The latest issue of Relevant Magazine hit the streets two weeks ago, and I devoured every page of mine over the course of about seven days. Nestled in the middle, under an article by someone I'd never heard of before, was something that has caused an interesting turn of events in my life.

The article was called "Jesus Wrecked My Life." The author was a guy named Shane Claiborne. Ever heard of him?

He lives in Philly. He grew up in Tennessee. He walked the mainstream evangelical life for most of his youth but, disenchanted and disillusioned by it in college when he started hanging with the homeless in the downtown streets of Philadelphia, he went to visit Mother Theresa in Calcutta for a few months. There, he served the poorest of the poor, the dying, and the lepers, and even befriended many of them and learned what it meant to see Jesus incarnate on the earth. Then he came back to complete a one-year internship at Willow Creek in Illinois. (Big culture shock.)

The culture shock propelled him back back to Philadelphia, where he and small troupe of believers started something they called The Simple Way. This is centralized around a house (of the same name) where they live in community and exist to serve the poor and the homeless. They dish out food and dispense clothes. They plant gardens in concrete jungles and rehabilitate abandoned houses. They play with children and pray with prostitutes. And this is their daily reality, birthed from a passion to live the gospel Jesus brought to the world, not just theorize or talk about it anymore.

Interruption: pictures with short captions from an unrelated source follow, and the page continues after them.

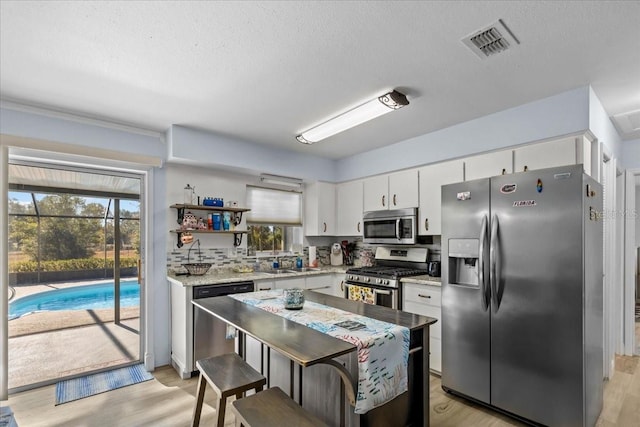 kitchen featuring white cabinets, appliances with stainless steel finishes, light hardwood / wood-style flooring, and sink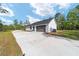Spacious driveway leading to a modern home with a unique garage door and well-maintained landscaping at 14115 Nw 141St Ave, Williston, FL 32696
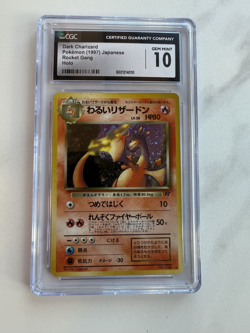 CGC 10 GEM MINT 1997 Dark Charizard Team Rocket Gang Japanese Holo Pokemon Card - Image 1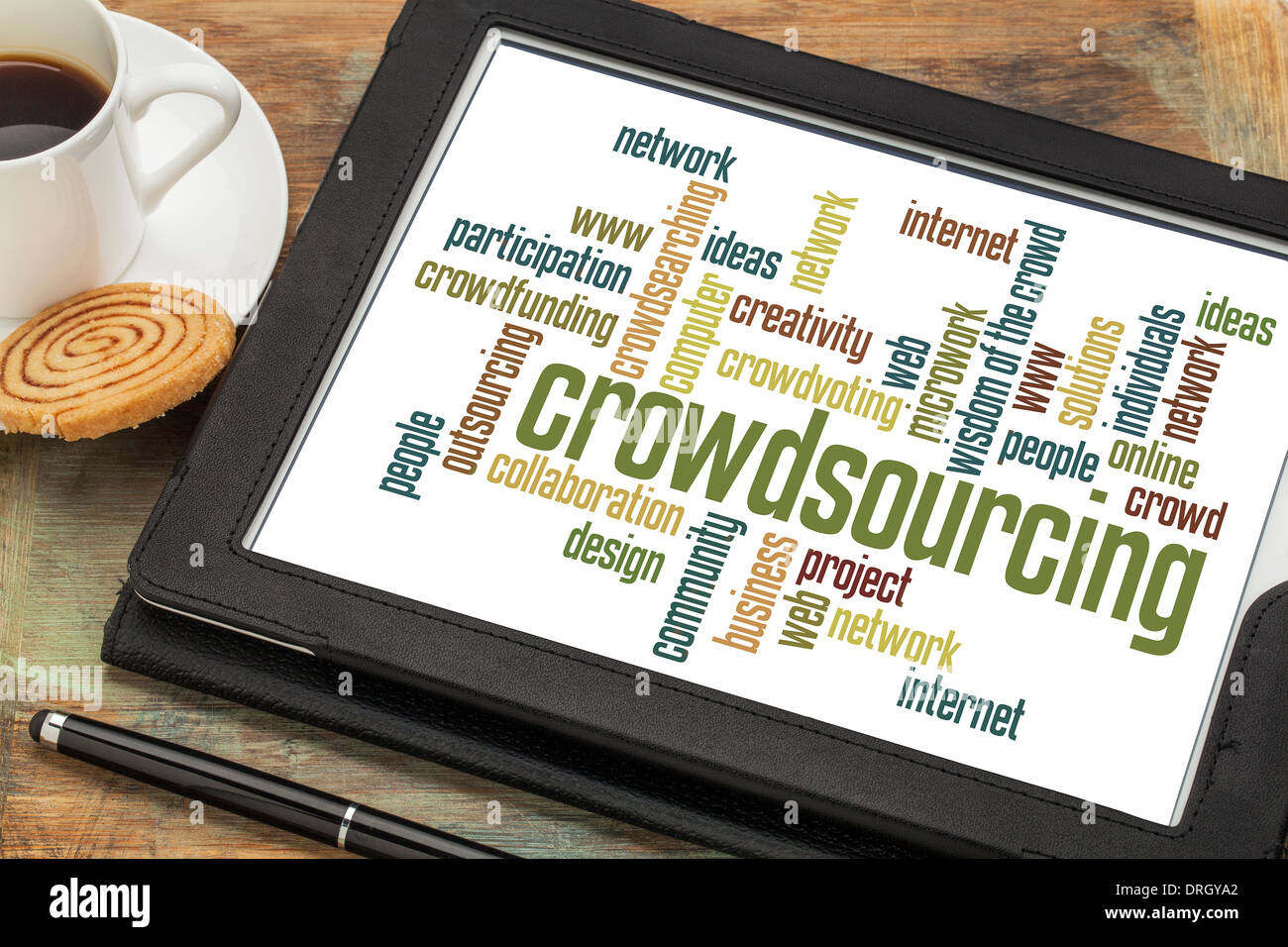 Crowdsourcing word cloud su una tavoletta digitale con una tazza di caffè Foto Stock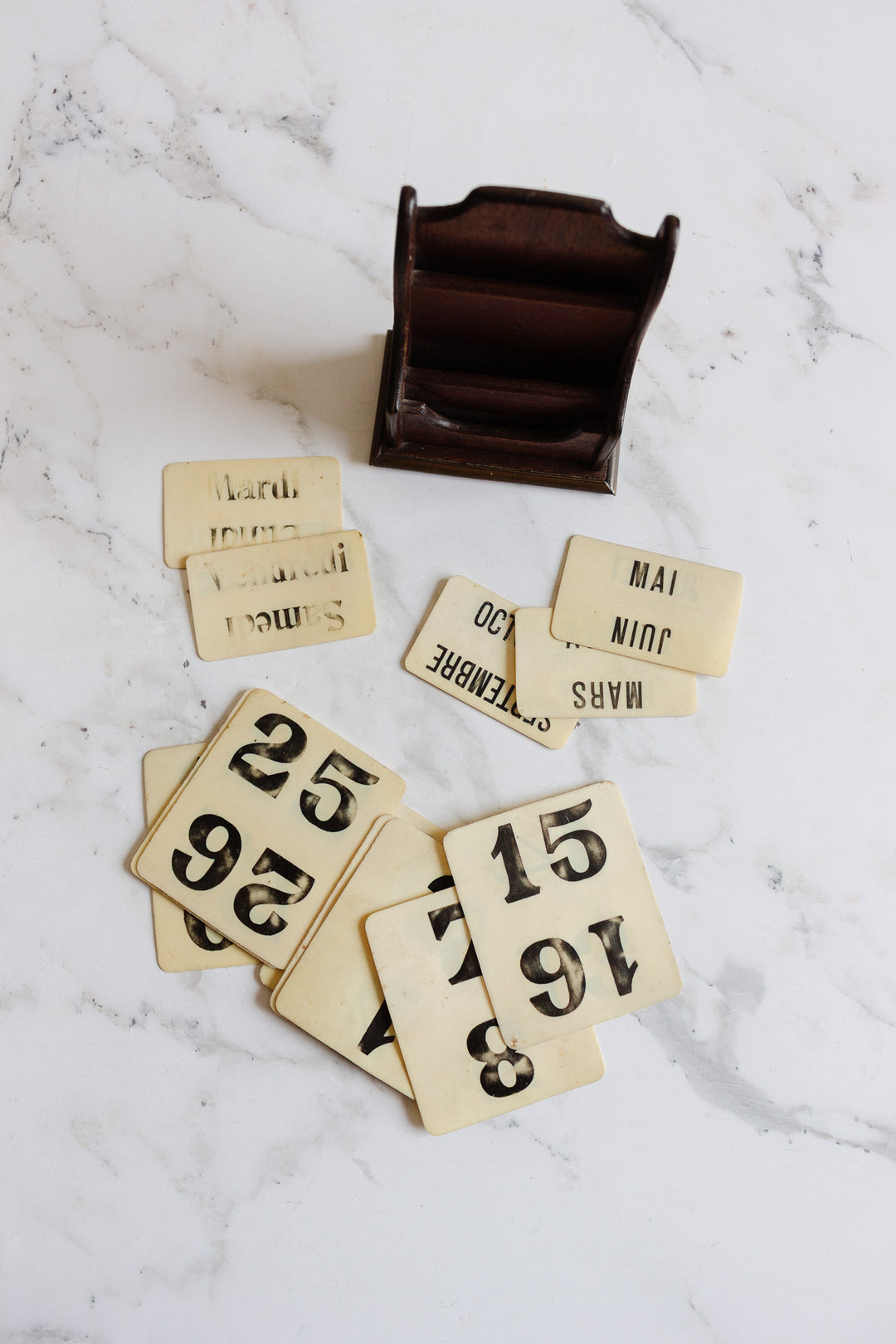 vintage french perpetual calendar in wooden stand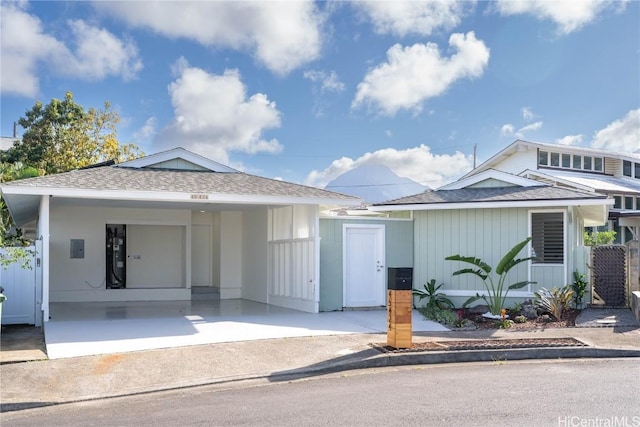 view of front of property with a carport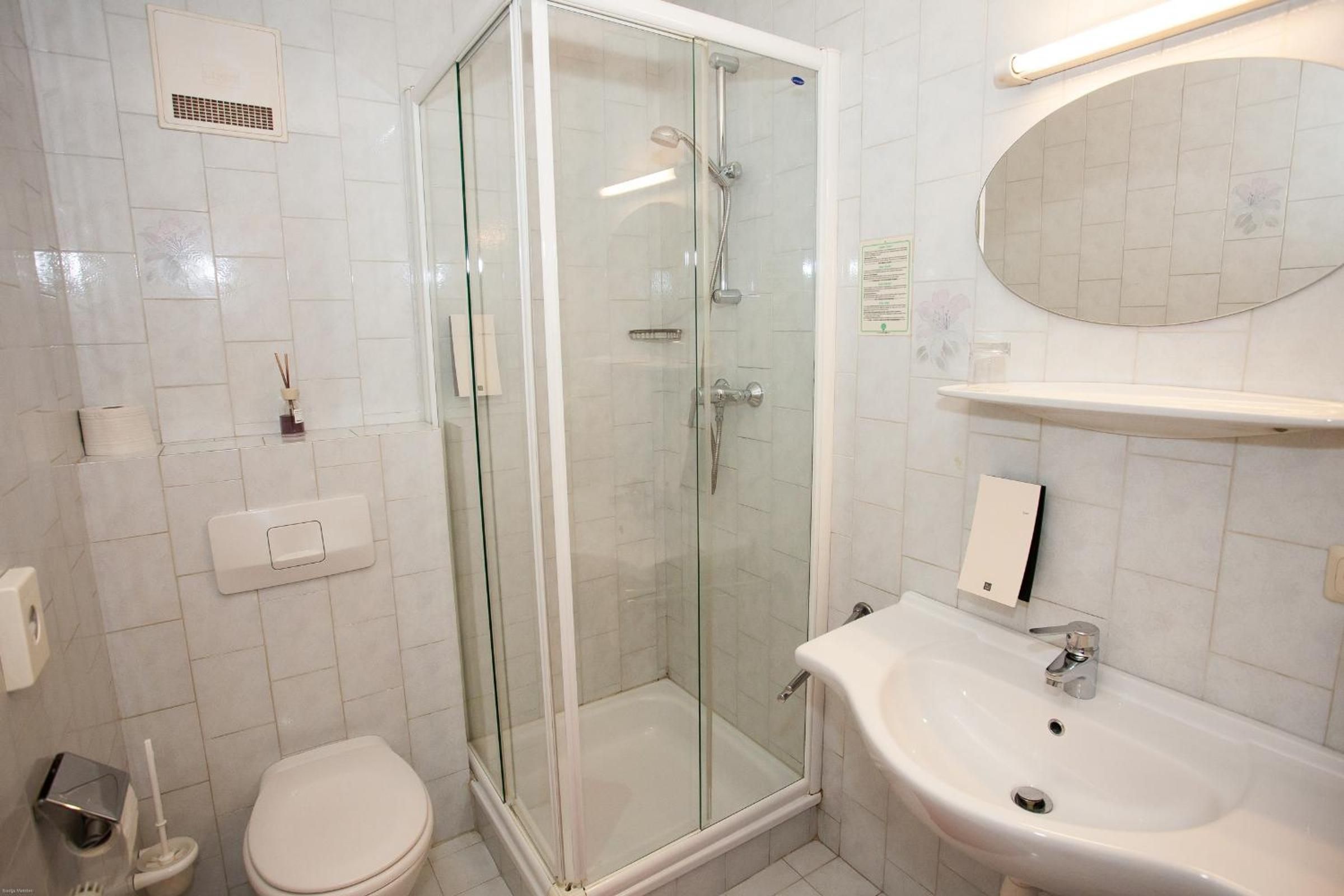 Ein Badezimmer mit einer Duschkabine, Toilette, Waschbecken und Spiegel.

I was disarmed by Shane's sparse, deceptively simple message. And I wanted to go back to part of the source of it: Mother Theresa. That same day I read his article, I checked out three biographies on Mother Theresa from the library and settled into reviewing them in bed. From last Thursday to this past Sunday, I have pretty much lived and breathed Mother Theresa. She has been pretty much all I have talked about. (Ask Kirk. He now knows more about her life than he ever knew before, too, since I've been sharing whole passages about her life from one of the biographies, and we even rented and watched a movie about her on Sunday.)

Now I'm reading Shane Claiborne's book, The Irresistible Revolution. All of this is pretty much wrecking my life, too. I'll share more as my thoughts have time to surface and make sense. In the meantime, you should check out his book. Be prepared to start thinking about life in a whole new way.